**SOURCE MATERIAL:**
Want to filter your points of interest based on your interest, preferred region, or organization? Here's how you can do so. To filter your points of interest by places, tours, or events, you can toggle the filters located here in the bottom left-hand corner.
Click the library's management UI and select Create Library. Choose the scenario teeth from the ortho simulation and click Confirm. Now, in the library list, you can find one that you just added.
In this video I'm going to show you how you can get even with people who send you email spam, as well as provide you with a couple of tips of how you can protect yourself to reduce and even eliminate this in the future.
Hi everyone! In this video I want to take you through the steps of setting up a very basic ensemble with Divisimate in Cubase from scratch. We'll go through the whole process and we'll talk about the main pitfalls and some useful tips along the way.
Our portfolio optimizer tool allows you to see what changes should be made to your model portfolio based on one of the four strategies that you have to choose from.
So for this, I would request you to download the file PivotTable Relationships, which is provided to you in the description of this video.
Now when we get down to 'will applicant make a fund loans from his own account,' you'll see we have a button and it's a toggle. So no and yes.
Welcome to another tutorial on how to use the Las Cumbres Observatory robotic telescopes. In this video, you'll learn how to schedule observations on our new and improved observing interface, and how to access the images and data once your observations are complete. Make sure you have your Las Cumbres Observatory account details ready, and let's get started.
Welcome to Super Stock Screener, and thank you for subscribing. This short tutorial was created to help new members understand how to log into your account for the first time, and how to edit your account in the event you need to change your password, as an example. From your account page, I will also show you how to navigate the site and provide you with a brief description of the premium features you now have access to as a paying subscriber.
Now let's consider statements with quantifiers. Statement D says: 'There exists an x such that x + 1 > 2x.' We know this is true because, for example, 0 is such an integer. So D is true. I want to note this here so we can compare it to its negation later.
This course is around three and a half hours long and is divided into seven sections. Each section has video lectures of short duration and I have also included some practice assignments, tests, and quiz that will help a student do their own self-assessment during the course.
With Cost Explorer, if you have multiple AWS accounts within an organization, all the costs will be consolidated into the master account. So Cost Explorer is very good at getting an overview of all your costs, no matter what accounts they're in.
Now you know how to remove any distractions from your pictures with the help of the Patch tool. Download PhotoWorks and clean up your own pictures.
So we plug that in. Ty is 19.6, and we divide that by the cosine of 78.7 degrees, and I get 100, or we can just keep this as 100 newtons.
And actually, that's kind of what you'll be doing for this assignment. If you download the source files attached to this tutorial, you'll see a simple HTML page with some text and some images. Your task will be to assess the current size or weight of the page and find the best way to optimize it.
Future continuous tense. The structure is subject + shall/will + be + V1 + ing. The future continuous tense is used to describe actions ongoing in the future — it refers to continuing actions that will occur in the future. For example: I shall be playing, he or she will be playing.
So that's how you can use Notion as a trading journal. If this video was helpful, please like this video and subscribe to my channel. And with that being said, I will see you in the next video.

**WHAT IS EXPECTED:**
Of the lines above, output exactly those from the line bearing "Now you know" through the line bearing "So we plug that", inclusive.

**EXPECTED ANSWER:**
Now you know how to remove any distractions from your pictures with the help of the Patch tool. Download PhotoWorks and clean up your own pictures.
So we plug that in. Ty is 19.6, and we divide that by the cosine of 78.7 degrees, and I get 100, or we can just keep this as 100 newtons.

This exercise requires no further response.